It was another Manny-centric moment that turned hockey into one of the great loves of my life. He refused to let me watch wrestling one Saturday in the Spring of ’68, and Mom told me I could have the TV after his ball game ended. Crestfallen and spiteful, I switched on Channel 9 regardless and sat sulking as the New York Rangers game commenced. As time elapsed, I found myself mesmerized by the quick skating, the intricate plays, the hard hitting and the booming puck that dominated the game. I began asking Manny so many questions that he bought me a book on ice hockey which I kept all the way until Lea and her daughter Tasha threw out or sold all my books on Butler Street in 2009.

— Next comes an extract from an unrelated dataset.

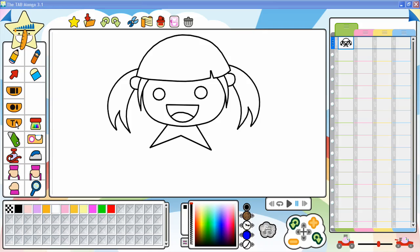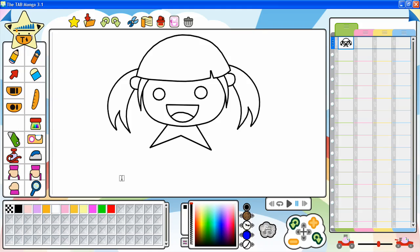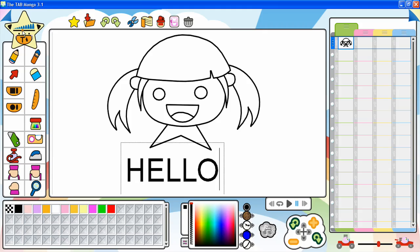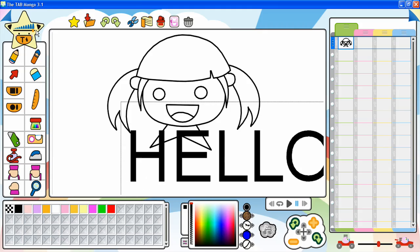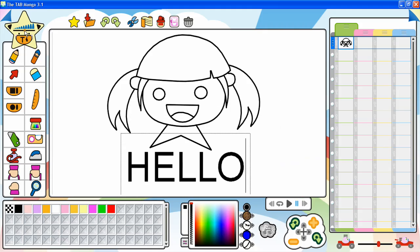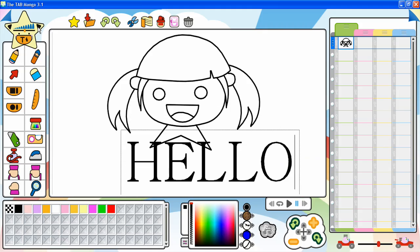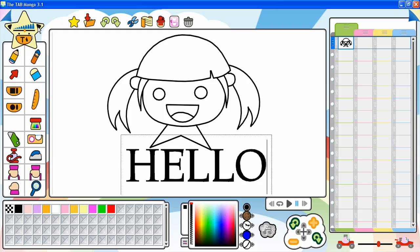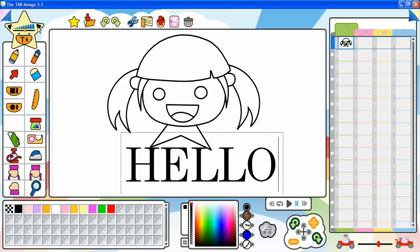You can use the text stencil to add text to the drawing. Click to start typing your text. The font size can be selected using the slider at the top of the toolbar, and the font family by using the arrows at the side of the slider. Click inside the text box to make changes in the text.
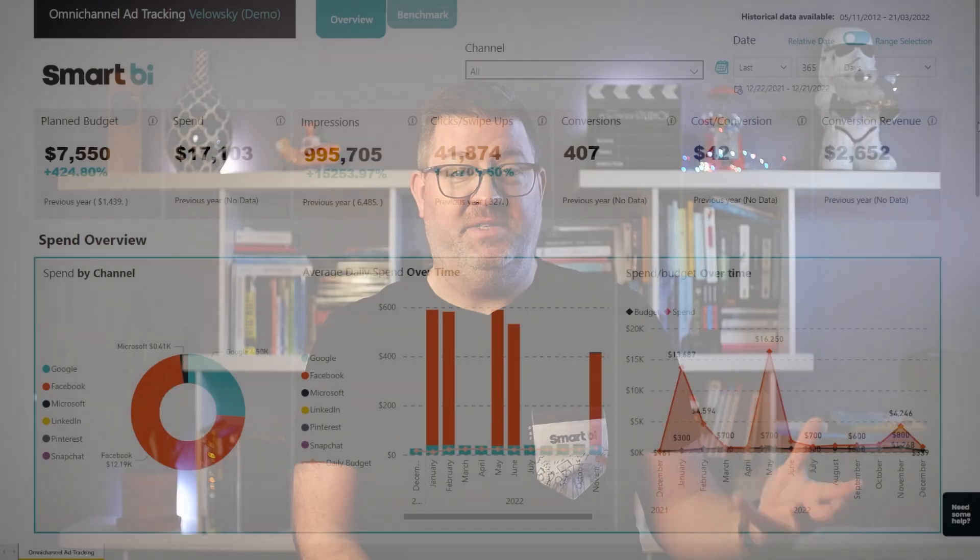To achieve this, we don't have 10,000 options. It takes software that makes it possible to standardize the data from all these different channels so that we can compare them with each other. And that's exactly what SmartBI Omnichannel Ad Tracking Dashboard does.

I idolized the New York Rangers from the very beginning. They got kicked out of the NHL Stanley Cup Playoffs by the Montreal Canadiens in four straight games but it didn’t stop me from doing my homework over the next three months of summer before next season. I went up to Madison Square Garden and bought a Rangers puck and a yearbook which became lifelong treasures that were also lost during the Hyatts’ spring cleaning of 2009. After that I began going to Gramercy Park, which was closer, and became a regular customer all the way until my last days of street hockey in NYC around 1976, nearly seven years later.
Even though I was a diehard Ranger fan, I could not help but admire the Boston Bruins after a time. The Big Bad Bruins were the terror of the league, a reputation they would carry until the Broad Street Bullies, the Philadelphia Flyers, began taking it to them a few years later. The problem with the Rangers was that they couldn’t back themselves up. They had a couple of tough guys who didn’t take shit, but not enough of them. Not only that, but top-scoring center Jean Ratelle and All-Star defenseman Brad Park just weren’t in the same league as Bobby Orr and Phil Esposito.
The one fellow that no one had a match for was Derek “Turk” Sanderson. He was a bad-ass street punk from Canada whose reputation as a fighter overshadowed his skill as a center, one of the best face-off men in the game. He was the fashion plate of the NHL and hung out with my football hero, Broadway Joe Namath. I was like every other fan in NYC wishing him a slow death in the late 60’s, but in time both he and Namath became the role models that gave birth to Broadway Turk Superstar.
It didn’t take me long to start my own hockey team, the Butler Street Blues. I spray-painted a rink between manhole covers and even fashioned a St. Louis Blues-like logo at mid-field. Harold and Paul Yodels were the mainstays, and we also had puny Johnny De Losa on defense, who would play a role in the formation of the Spoiler almost seven years later. We played street hockey until the dog days of Summer ’68, then took a break until that fall to resume operations. During that time, Harold became a much better player and actually beat me for the scoring championship and team record in ‘69, exceeding my spring total by one goal! I recounted my stat book dozens of times to reach the same sorry conclusion.
When it got too hot to play, we sat around on the steps of homes in the neighborhood sipping sodas and ribbing one another. Paulie was one of my main stooges, and he, in turn lorded it over Danny O’Connor, the dreaded O’Connors’ younger brother, and Richie Aceto, who would become one of Osama Bin Laden’s victims in the World Trade Center over thirty years later. The age difference was too great between us, and I began spending less and less time with the stooges as the summer crept along.
Paulie was the last of the Yodels that I had a good friendship with. He was about Lea’s age and loved playing my homemade board games. He was always the brunt of my ribs and took it out on the kids his age, as I mentioned. I never fully realized that he had probably the most explosive temper of all the Yodels, and my ribbing really took a toll on him. Nevertheless, he became the goalie for the Blues and did a pretty good job in net for us. After the Yodels moved away, he came to visit one last time but apparently he had outgrown his tolerance for my ribbing, and I never saw him again. I heard he went on to a good job as a sky marshal and grew into a two-fisted, pistol-packing son of a gun.
One claim to fame that Harold and Paul would have was during Harry’s brief stint as a club owner in Queens. They bought a club on the Gambino Mob’s turf during the reign of John Gotti, who had a couple of the boys stop in to shake down the Yodels. Paulie took exception to that and got a bit of a hiding from the Gottis. I’m sure Paul has put it behind him by now, but I must admit I’m proud to know that one of my old friends stood up to the bastards.